ABOUT THIS TASK —
Beginning with the line that holds "2015 gmc canyon", copy each line exactly through the end of the entries, but leave the pictures out.

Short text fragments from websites

*** Begin section ***

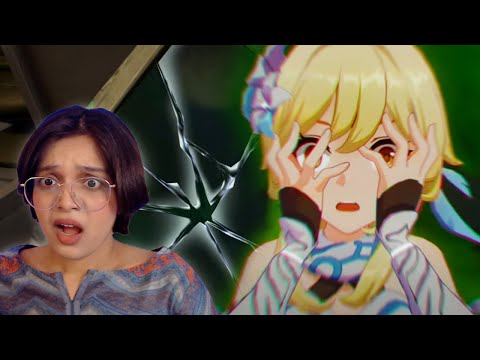 The Dark truth of the Abyss Order | Sumeru Archon Quest Caribert  | Genshin Impact 3.5 Full Quest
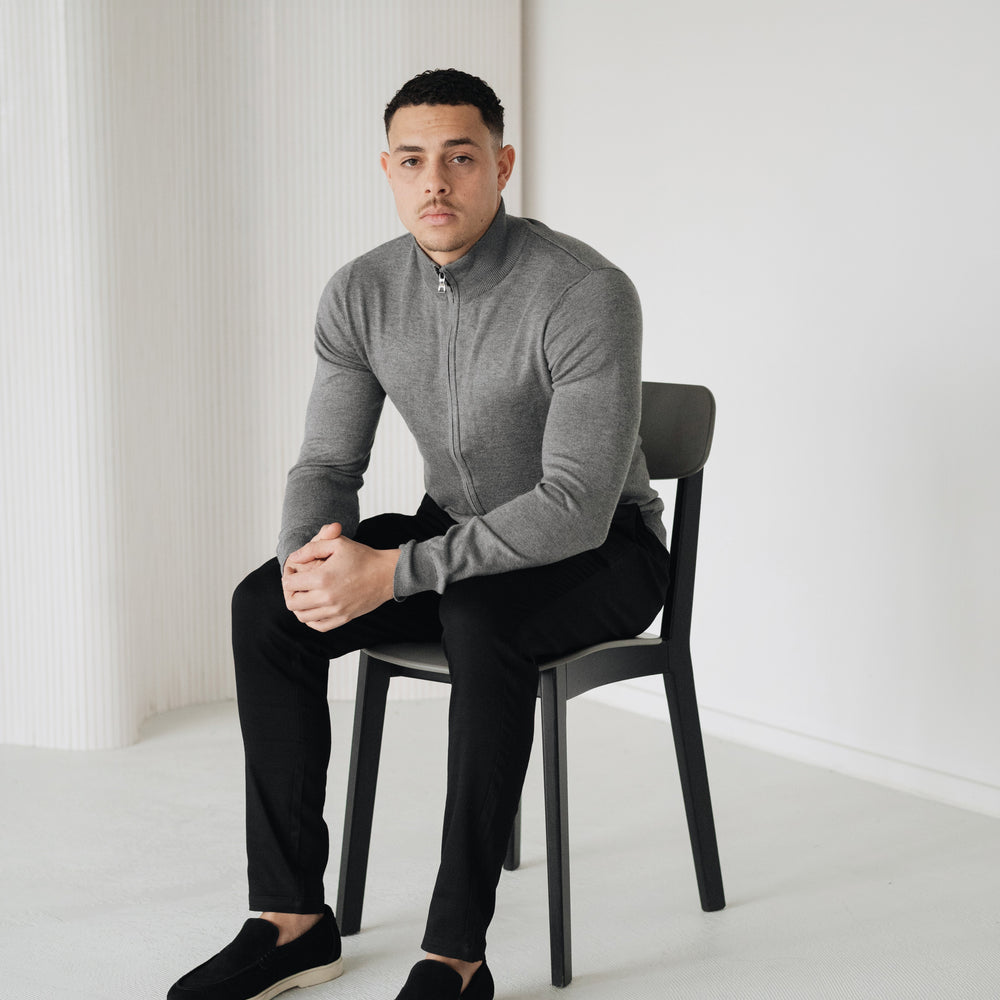 
                      
                        The Serano Vest
                      
                    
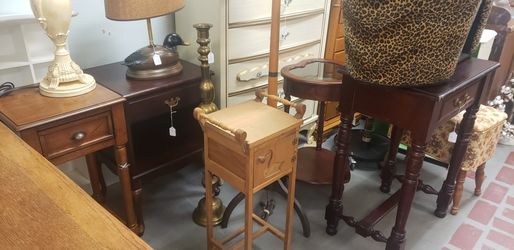 Tables Galore $55-$65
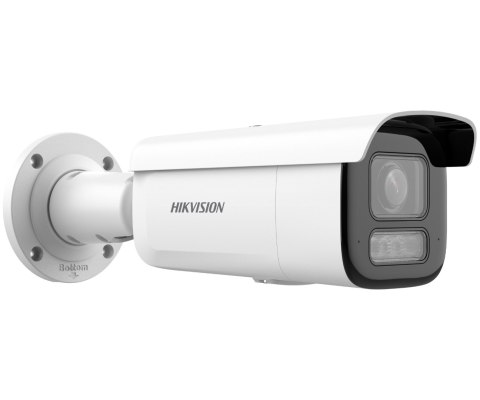 KAMERA WANDALOODPORNA IP DS-2CD2643G2-LIZS2U/SL(2.8-12MM)/PL Smart Hybrid Light AcuSense - 4 Mpx - MOTOZOOM Hikvision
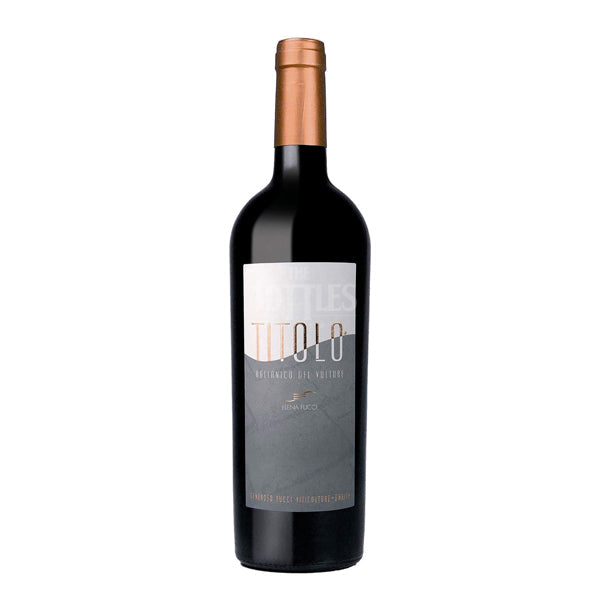 Elena Fucci Titolo Aglianico del Vulture DOC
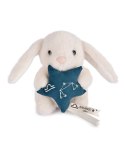 DOUDOU - pluszowy królik ze znakiem zodiaku DOUDOU ASTRO, Doudou et Compagnie, 12 cm, waga
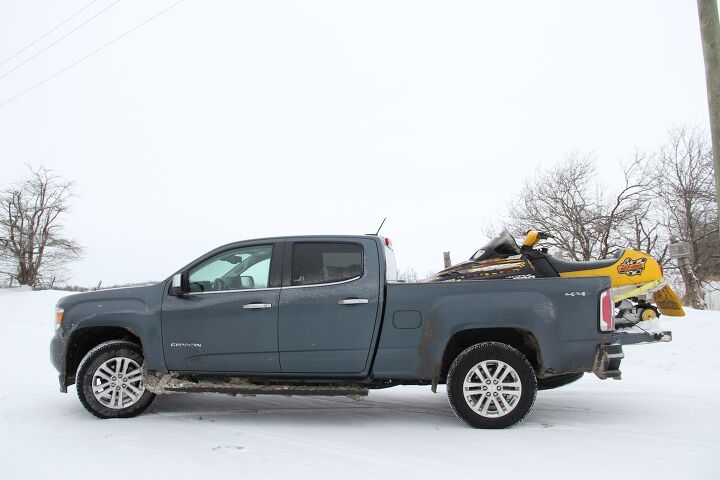 2015 gmc canyon long term review the enthusiast test
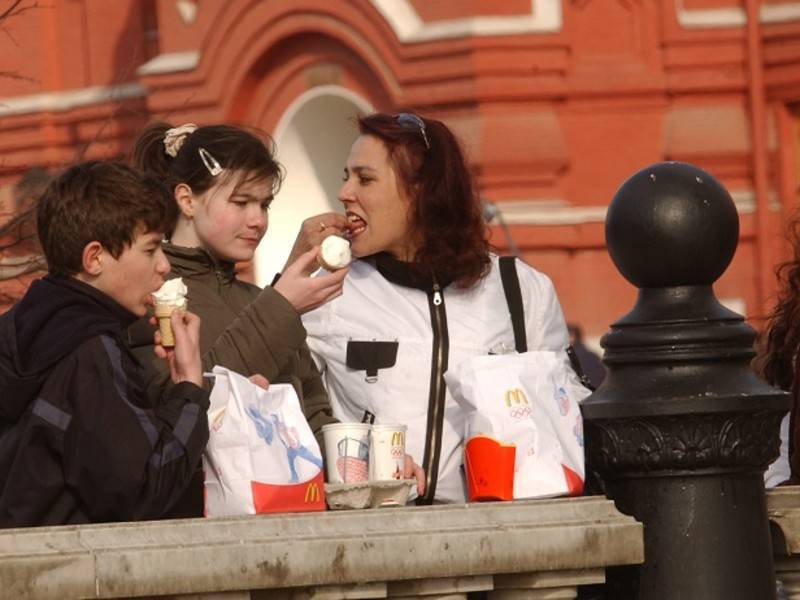 Назван продукт, от которого россияне не готовы отказаться - news.ru - Россия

*** End section ***

RESPONSE BELOW —
 2015 gmc canyon long term review the enthusiast test
 Назван продукт, от которого россияне не готовы отказаться - news.ru - Россия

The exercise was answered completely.